Aku menyimpan telunjuk di bibir. Lalu, tertawa terbahak melihat wajahnya yang tak dapat kudefinisikan.
"Ody?" suara bas Papa menghentikan tawaku. Aku memandangi pria yang hampir tiga bulan tidak kutemui itu. Ia sedang berdiri di atas anak tangga kesekian dari tangga berbentuk ularnya. Kusimpan ransel seberat sepuluh kilo di kakiku. Lalu membentangkan tangan, siapa tahu lelaki gagah dengan rambut yang mulai beruban itu mau memelukku. Tidak ada salahnya mencoba adegan di film-film. Siapa tahu bisa merajut kemesraan ayah dan anak yang sudah padam puluhan purnama. Namun, seperti yang sudah kuduga. Alih-alih memelukku, Papa lebih suka menggenggam sikutku, lalu menyeretku memasuki ruangan kerjanya. Mendudukkanku di sofanya. Ia mengambil sekaleng minuman dingin dari mini bar, dan menaruhnya di atas meja.
"Dari mana saja kamu?"
"Kamu enggak jadi kuliah?"
"Kenapa dandananmu sembrono begini?"
"Naik gunung lagi? Sama siapa?"
"Di sana sama siapa?"
"Naik gunung sendiri?
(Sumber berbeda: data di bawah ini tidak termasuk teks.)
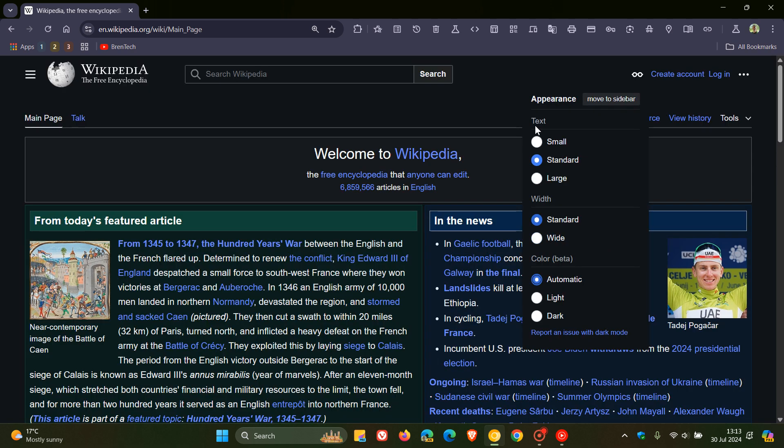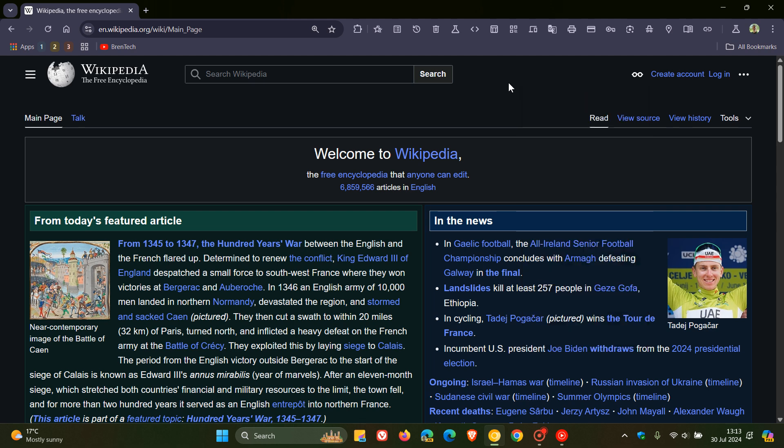So there we go. Just putting it out there that dark mode is now available for Wikipedia if you are interested. So thanks for watching and I'll see you in the next one.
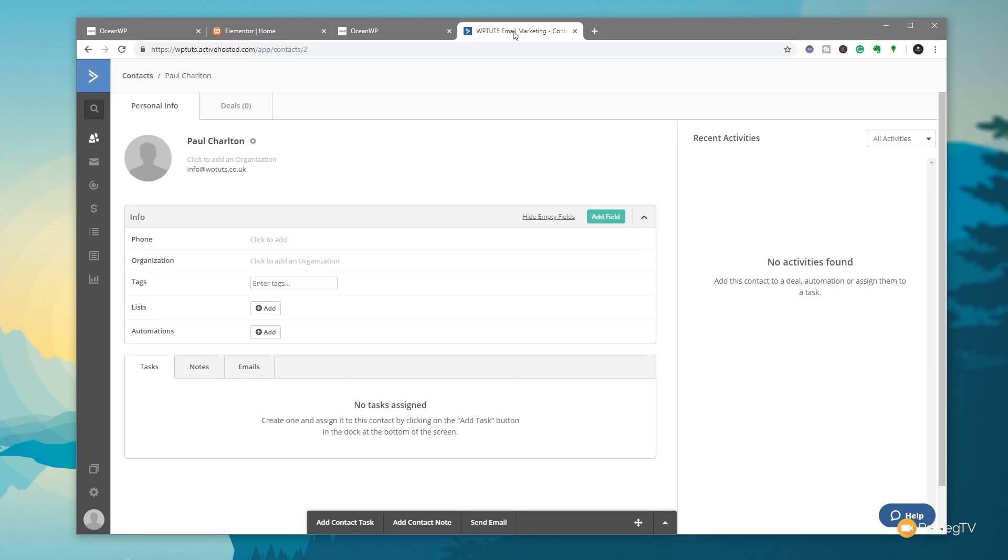And that's pretty much it. That's all you need to do to be able to link Elementor Pro through into your active campaign lists and be able to capture email addresses and other information you may want to use to contact customers or potential customers in the future.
Mama tahu?"
Bukannya duduk, ia berdiri lalu berjalan mondar-mandir di depanku sambil mengenakan kimono tidurnya, padahal ini sudah pukul 10 pagi.
Aku tertawa terbahak-bahak. "Papa ... Papa, minum dulu gih! Nanya kok enggak pake titik koma." Aku mengangsurkan minuman kaleng yang tadi disediakannya untukku.
"Ody ..." imbuhnya lebih tenang dari sebelumnya. "Kamu tidak sekolah? Sebentar lagi kan kelulusan, kamu tidak mau kuliah? Mau jadi apa kamu nanti? Sampai kapan mau hidup luntang-lantung seperti ini? Tidak ada masa depan!"
Kenapa baru peduli dengan masa depanku sekarang? Bukan dulu ketika aku membutuhkan.
Aku menatap Papa nanar. "Tenang aja, Pa. Ody bisa hidup sendiri kok. Tanpa uang Papa dan Mama juga, Ody masih bisa makan, bisa menikmati hidup. Hahahahah." Aku menjawab dengan enteng sambil terbahak memegangi perut. Memang apa lagi yang perlu dikhawatirkan? Aku bisa kerja serabutan untuk hanya mendapatkan sepiring nasi. Jadi buruh cuci di tenda pinggir jalan yang ramai pada saat weekend, atau membantu pak tani dan peternak bila mau naik gunung. Mereka tidak memberikanku uang, tetapi biasanya memberikanku bekal hingga bisa sampai puncak.
"Kamu enggak takut ada orang yang melukaimu? Memperkosa, atau apa?"
Aku mengernyitkan dahi.
"Oke, Ody. Kamu memang atlet taekwondo. Tapi kan tetap akan ada orang yang lebih hebat dan lebih kuat dari kamu."